The analyzer is not what we expected, especially for 30+ thousand dollars!


----------



## nickvc (Mar 28, 2010)

I think the best way to use them is to keep known metals and use them as standards you van check the gun on.As i have said they are only a guide but with experience i think they can be a useful tool in your business,i think it also depends on how the gun is calibrated most are set up for precious metals,if you read my post you can see the price i can get for you which is nearly half what your been quoted.


----------



## polycertic (Feb 3, 2011)

i am fortunate to have access to one at the scrap yard i work at and agree that their value rests solely on the knowlege of the user. buy Niton and be sure it incorporates the Precious Metals function. understand which elements it cannot test for before you buy it because THERE ARE ELEMENTS IT CANNOT TEST FOR. most heavier than aluminum are supported, though. my experience is that they are worth the price if dealing with lots of different types of scrap. i would not buy a used unit due to the fact that they are fragile. but if you think you could benefit from having one, remember that you can rent them for about $500/day. if you are organized, you can get all your work done and save big.


----------



## Lonnie (Feb 13, 2011)

I scrap lots of big electrical copper and most contacts I get I can melt like butter with my torches . I ran into about 12 troy pounds of contacts from real old dry breakers out of Langley research center in Hampton Va that my torches wouldn't touch . I even ground some to shavings and couldn't melt the stuff . 

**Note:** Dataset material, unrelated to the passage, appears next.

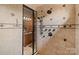 Elegant shower with tile walls, glass door, and multiple shower heads and hardware at 5112 Mill Race Ln, Lancaster, SC 29720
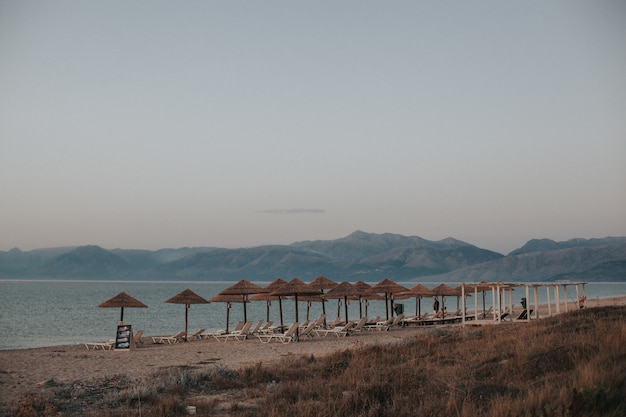 Beautiful view of a beach with deck chairs under straw beach umbrellas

I took them to Knoxville where a buyer of nobel metals scanned them using one of these hand held tools . It seemed to work quite well and told the elements and % in the contacts . No wonder I couldn't melt the stuff they were 45 % toungston , 3 % molybeium and 52 % Ag . 

Thats why I'm in here trying to learn how to seperate the silver and purify the stuff . btw lots of very interesting and helpfull information here . I hope to finally learn what I'm doing with the help of Steves DVD and the knowledge base some of you guys have .


----------



## lazersteve (Feb 13, 2011)

Lonnie,

Welcome to the forum.

You should be able to dissolve the silver from the contacts with hot 35% nitric acid. Try one as a sample and see what percentage of the silver you can get out. 

Steve


----------



## Barren Realms 007 (Feb 13, 2011)

The contacts with the tungsten are not what he needs to be learning to refine on. IMHO. Process your other contacts and do those when you you have some experience under your belt.


----------



## Lonnie (Feb 24, 2011)

Steve 

Thanks man !! Learning just how much I didn't know LOL . Finally caught the wifey in the mood to get her to order the DVD for me . I'd rather take a whipping that trying to use paypal on this slow PC . Cant wait till I can watch that a few times . I'll also be able to start working on the cell then . 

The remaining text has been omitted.